Il contesto siciliano di Montedoro, in cui
"precipita" la nizzarda Louise, e l'impatto dirompente che ne
consegue, generano la sua più bella opera "Sicilian ways and
days", (Londra 1910, John Long) e tradotta in "Vicende
e costumi siciliani" (1983). La scrive in inglese perché, come
spiega in una lettera alla figlia ed all'editore, "… è stato
scritto per lettori inglesi, e tradotto in italiano non interesserebbe
tale pubblico, e meno ancora il grosso pubblico siciliano". Ne
viene fuori un diario pervaso di costante umorismo che, da attenta
osservatrice, coglie il grottesco di quanto cade sotto i suoi occhi
indagatori, in ogni istante della giornata. Dagli usi di casa Caico,
agli attrezzi di cucina, alle abitudini delle serve, alle ragazze del
paese chiuse in casa come in un serraglio. Mentre lei, a dorso di un
destriero, gira per le campagne, tra la meraviglia e l'incredulità
della gente, ed una prodigiosa quanto miracolosa macchina fotografica
immortala luoghi ed avvenimenti.
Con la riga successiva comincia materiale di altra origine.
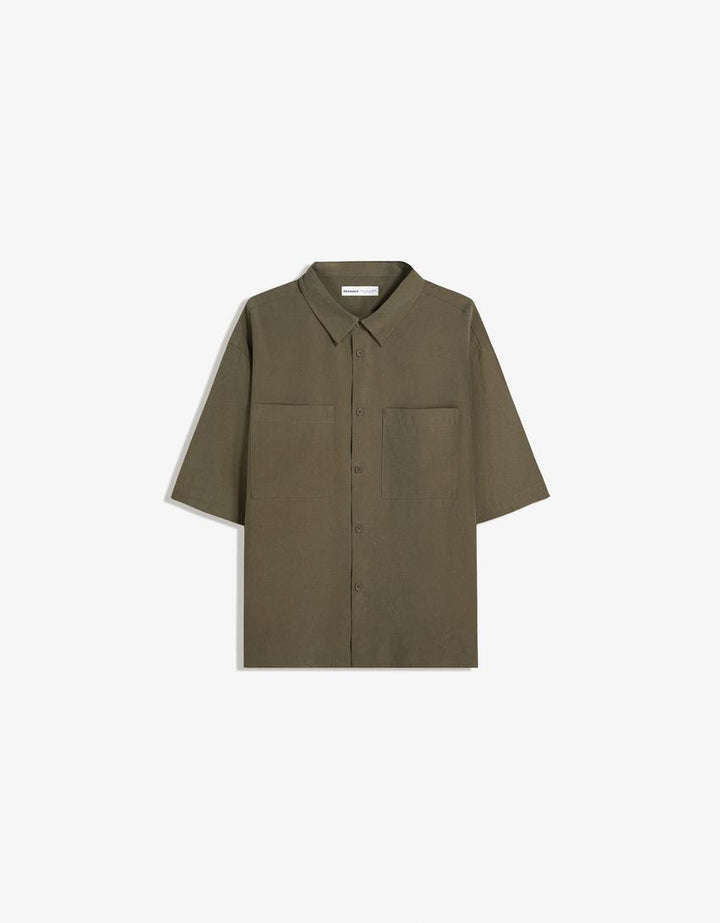 Rövid ujjú ing BERSHKA, khaki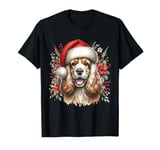 Christmas English Cocker Spaniel Dog Watercolor Artwork T-Shirt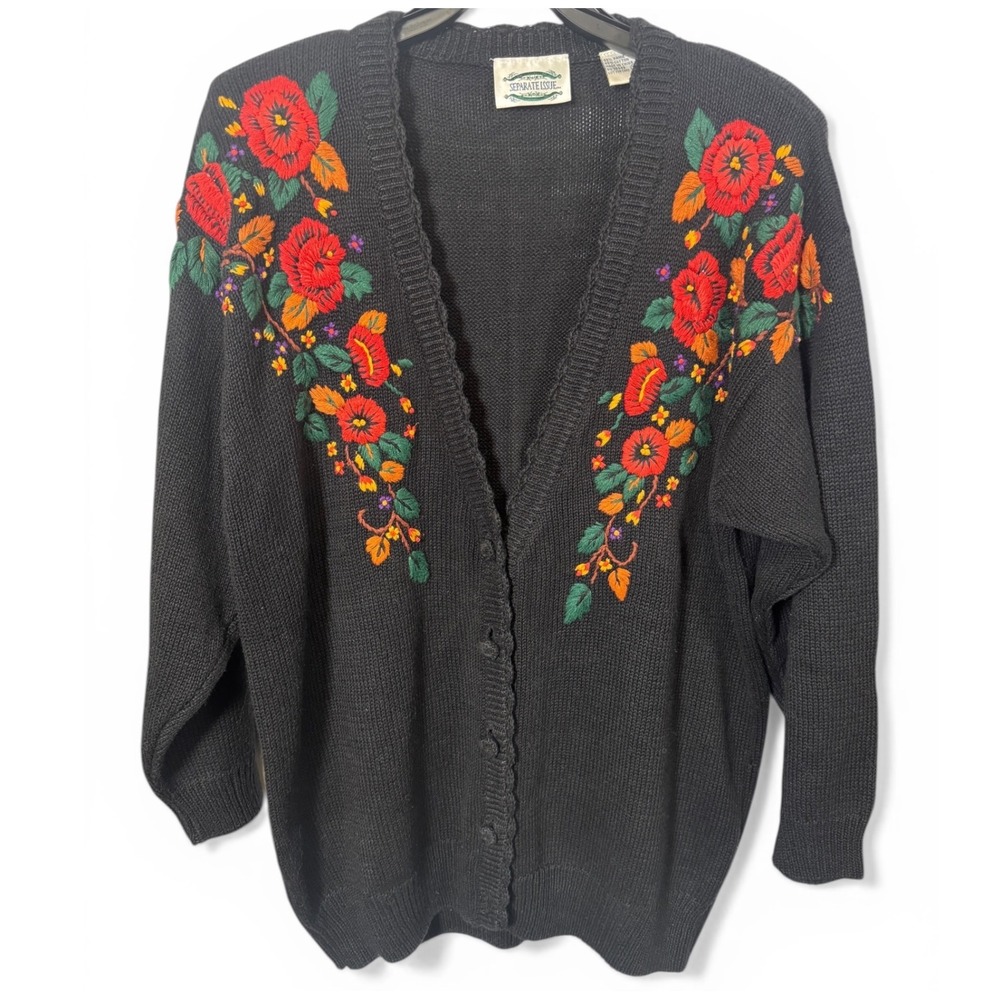 Separate Issue Vintage Black Floral Embroidered Cardigan Sweater Ramie Cotton M‎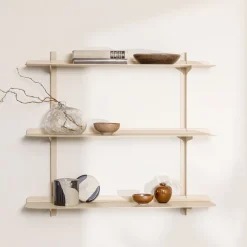 3 étagères murales en acier beige cashew 60,6x68x17,2cm Linara - Metallbude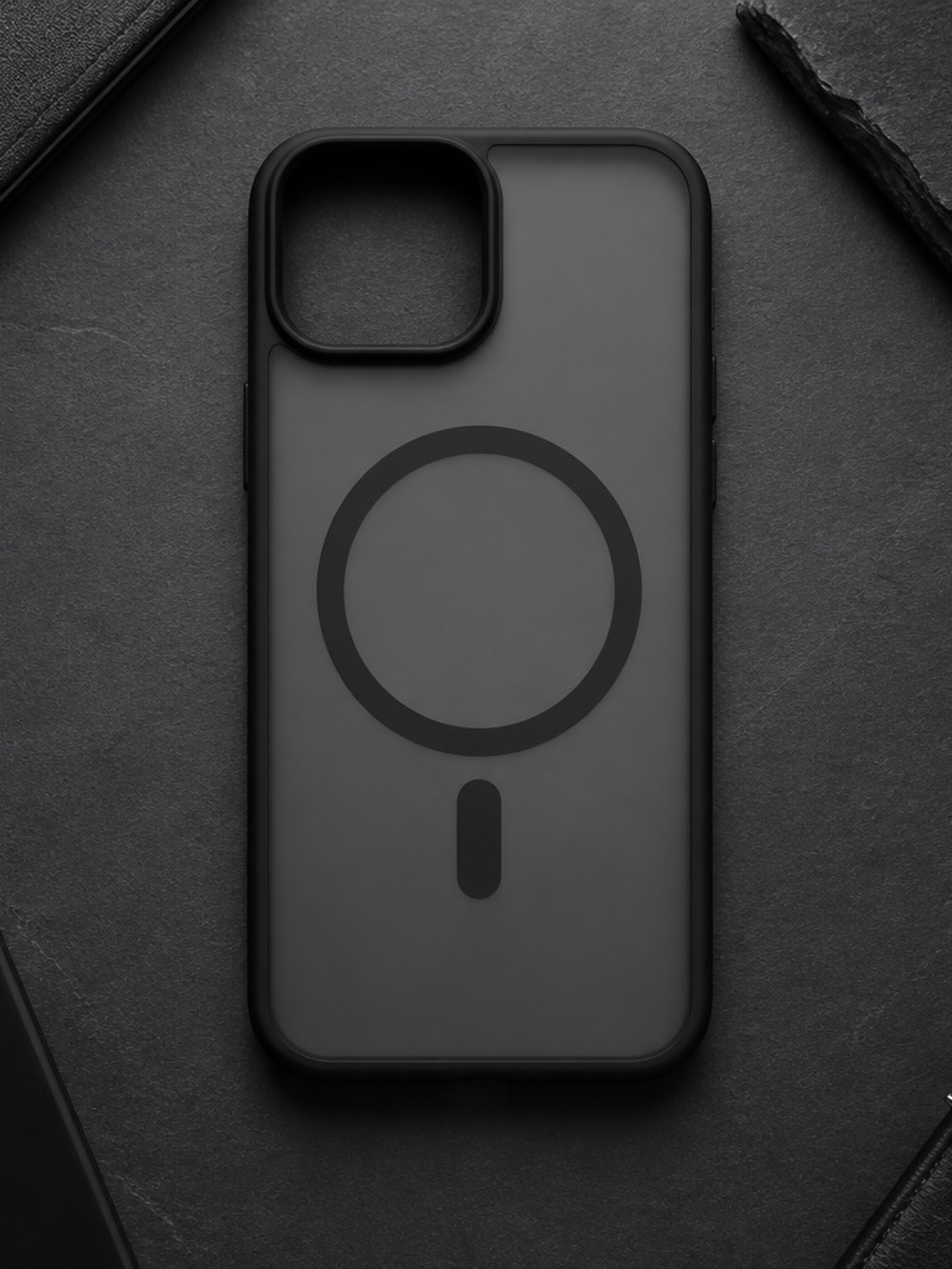 Black MagSafe-Compatible Phone Case For IP 15Plus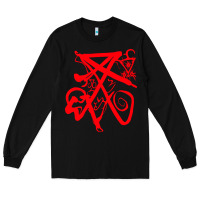 Black lucifer calligraphy 2 Long Sleeve Tee - artisFamous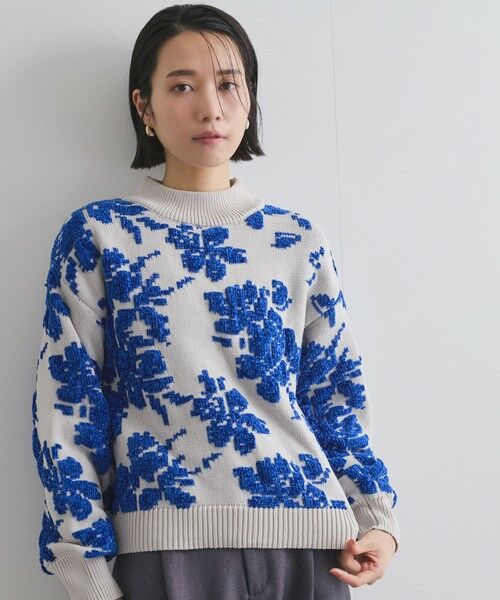 VICKY / ビッキー ニット・セーター | フラワーモールジャカードモックネックニット | 詳細14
Resta esterrefatta dalle abitudini da
medio evo dei paesani di portare in giro per il paese i morti di rango,
legati ad una sedia, quasi fossero un trofeo di caccia, dal "consu"
e dal lutto stretto che ne consegue, alle feste per il raccolto a quelle
di S. Giuseppe o di S.ta Lucia. Per non parlare delle insopportabili
"tammurinate" fatte sotto casa, all'alba del dì di festa, in
onore del cognato sindaco, e che la fanno letteralmente sobbalzare dal
letto, o dei tremendi botti dei fuochi in onore del Santo. Menzioni a
parte meritano la sua guardia del corpo, il campiere Augello, gli
intrighi di casa Caico e, finale tragico carico di tensione, l'arrivo
delle guardie che annunciano l'arresto del sindaco, sospettato di
omicidio di un barone!
Ciò nonostante l'Isola resta nel suo cuore, si
trasferisce a Palermo con la famiglia e lì muore nel 1927.